__Recorded data__:
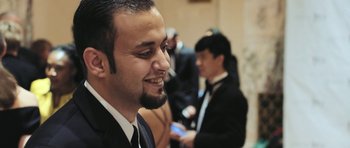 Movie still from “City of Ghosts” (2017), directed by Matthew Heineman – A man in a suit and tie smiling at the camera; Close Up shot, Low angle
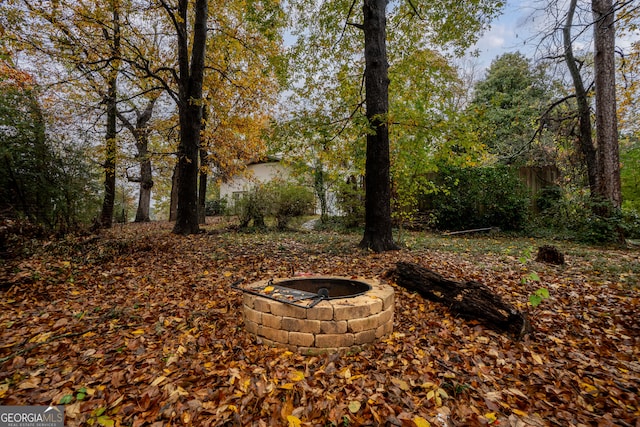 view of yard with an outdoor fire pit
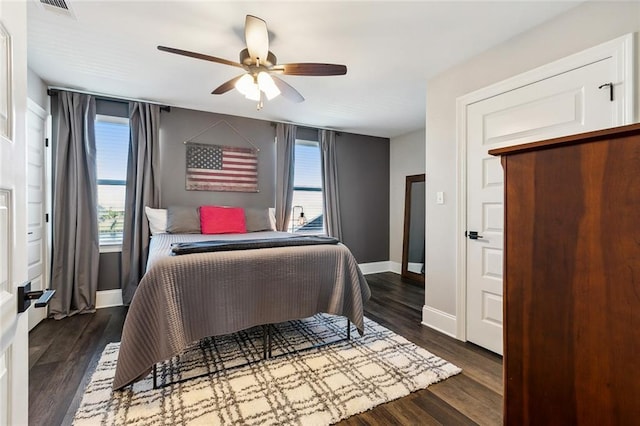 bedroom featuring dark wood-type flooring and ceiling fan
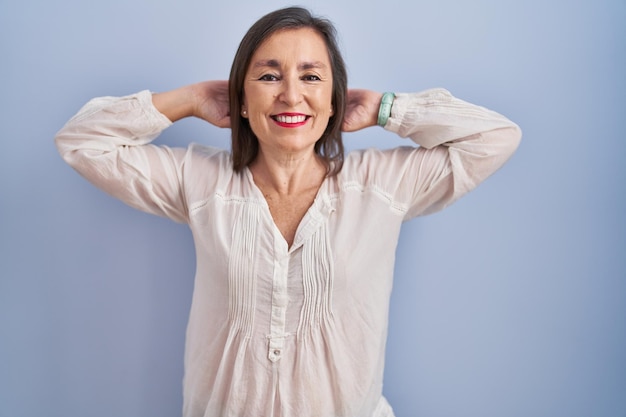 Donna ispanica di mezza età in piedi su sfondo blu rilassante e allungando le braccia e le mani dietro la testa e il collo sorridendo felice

__What is expected__: Retype the whole listing. Keep every word exact but include no pictures.

__Result of the task__:
 Movie still from “City of Ghosts” (2017), directed by Matthew Heineman – A man in a suit and tie smiling at the camera; Close Up shot, Low angle
 view of yard with an outdoor fire pit
 bedroom featuring dark wood-type flooring and ceiling fan
 Donna ispanica di mezza età in piedi su sfondo blu rilassante e allungando le braccia e le mani dietro la testa e il collo sorridendo felice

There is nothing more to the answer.